Give Unto Caesar

Matthew 22:15-22

Then the Pharisees went and plotted to entrap him in what he said. So they sent their disciples to him, along with the Herodians, saying, “Teacher, we know that you are sincere, and teach the way of God in accordance with truth, and show deference to no one; for you do not regard people with partiality. Tell us, then, what you think. Is it lawful to pay taxes to the emperor, or not?” But Jesus, aware of their malice, said, “Why are you putting me to the test, you hypocrites? Show me the coin used for the tax.” And they brought him a denarius. Then he said to them, “Whose head is this, and whose title?” They answered, “The emperor’s.” Then he said to them, “Give therefore to the emperor the things that are the emperor’s, and to God the things that are God’s.” When they heard this, they were amazed; and they left him and went away.

In a world where we frequently hear concerns expressed about the future of the church in the face of declining attendance and a secularized world, it is easy to forget that these anxieties are nothing new. Every generation has experienced anxiety about the state of the church as they perceive the end to the way things were before and uncertainty about what the future holds.

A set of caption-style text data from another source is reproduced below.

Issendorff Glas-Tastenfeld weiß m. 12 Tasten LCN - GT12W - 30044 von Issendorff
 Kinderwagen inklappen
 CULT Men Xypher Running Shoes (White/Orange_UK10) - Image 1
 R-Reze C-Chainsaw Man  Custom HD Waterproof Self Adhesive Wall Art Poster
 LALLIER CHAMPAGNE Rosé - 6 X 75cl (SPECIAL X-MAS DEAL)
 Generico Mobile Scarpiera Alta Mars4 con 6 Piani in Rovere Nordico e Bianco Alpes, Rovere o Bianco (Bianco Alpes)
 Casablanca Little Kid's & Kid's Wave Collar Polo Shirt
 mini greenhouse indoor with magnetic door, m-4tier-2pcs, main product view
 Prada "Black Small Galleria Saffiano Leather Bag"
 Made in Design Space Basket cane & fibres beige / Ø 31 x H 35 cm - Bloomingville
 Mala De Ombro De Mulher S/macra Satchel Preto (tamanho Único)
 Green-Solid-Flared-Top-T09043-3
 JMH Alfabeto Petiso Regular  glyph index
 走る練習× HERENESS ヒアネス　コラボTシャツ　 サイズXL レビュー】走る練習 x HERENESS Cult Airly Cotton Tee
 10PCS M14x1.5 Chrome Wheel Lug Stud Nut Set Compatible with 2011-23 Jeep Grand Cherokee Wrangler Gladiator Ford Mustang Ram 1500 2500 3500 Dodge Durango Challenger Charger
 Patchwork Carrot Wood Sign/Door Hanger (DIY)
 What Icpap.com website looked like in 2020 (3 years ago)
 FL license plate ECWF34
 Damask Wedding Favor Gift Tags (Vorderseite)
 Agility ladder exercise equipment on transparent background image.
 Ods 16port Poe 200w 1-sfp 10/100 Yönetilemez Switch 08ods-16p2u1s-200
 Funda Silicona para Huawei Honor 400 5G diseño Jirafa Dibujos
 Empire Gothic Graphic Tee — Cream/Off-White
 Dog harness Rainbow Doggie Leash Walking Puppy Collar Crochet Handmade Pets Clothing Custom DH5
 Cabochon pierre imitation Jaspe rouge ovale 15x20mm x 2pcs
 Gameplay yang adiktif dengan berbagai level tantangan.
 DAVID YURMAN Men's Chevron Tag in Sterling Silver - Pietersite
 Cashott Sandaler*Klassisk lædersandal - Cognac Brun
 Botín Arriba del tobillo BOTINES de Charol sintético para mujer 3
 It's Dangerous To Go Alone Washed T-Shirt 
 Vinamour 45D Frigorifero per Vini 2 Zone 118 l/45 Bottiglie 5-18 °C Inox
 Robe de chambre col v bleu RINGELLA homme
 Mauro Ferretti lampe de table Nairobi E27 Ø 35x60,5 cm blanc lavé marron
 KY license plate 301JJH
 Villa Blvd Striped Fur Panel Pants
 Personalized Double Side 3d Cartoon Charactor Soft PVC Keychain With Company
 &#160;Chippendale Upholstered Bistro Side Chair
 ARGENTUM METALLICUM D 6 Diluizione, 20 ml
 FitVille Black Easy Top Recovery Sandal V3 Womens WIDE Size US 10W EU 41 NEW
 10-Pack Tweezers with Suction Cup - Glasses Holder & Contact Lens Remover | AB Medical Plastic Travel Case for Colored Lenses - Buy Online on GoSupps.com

I’m reading through a wonderful little book at the moment, “The Comfortable Pew,” which is a uniquely Canadian analysis of the state of the mainline Protestant churches in the country. It was commissioned by the Anglican Church in Canada, hiring an independent journalist to help them figure out the root causes of declining membership and a diminished stature in the broader society.

It was written in 1965.

It is equal parts fascinating and distressing that the critique the author offers still holds up to this day, almost sixty years later. The problem the author identifies is that the church broadly, and the Anglican Church specifically, offered nothing, made itself irrelevant in the face of the major social and moral crises of the day, especially nuclear proliferation and business ethics. To be clear, it is not that the church couldn’t offer something substantive, it is not that it couldn’t claim a moral voice and teaching to address these urgent issues, but that it chose not to.

It was an abdication by choice, made in decisions small and big. It was aided by clergy who preached sweet nothings on Sunday mornings and by a national church too afraid to engage with difficult topics. It was as though the church, as a whole, had decided that our faith was only about the hour or two we spend in church on Sunday mornings. Outside those two hours, the church refused to speak and a civic, secular faith, spoke instead.

To put it another way, on Sunday morning, we give to God what is God’s, and the rest of the week, we give devotion to Caesar.


As Jesus was teaching, he was approached by two unlikely allies: a group of Pharisees, devoted to the purity of Jewish practice and law, and a group of Herodians, who were supporters of King Herod and all that he represented. They were not the sorts that typically worked well together, but they approached Jesus, side by side, to try and ensnare him in a trap that they had devised. It was a seemingly simple question, “Is it lawful to pay taxes to the emperor, or not?” If Jesus answered that it was, the Pharisees would have been enraged. If he answered it was not, the Herodians would have been scandalized.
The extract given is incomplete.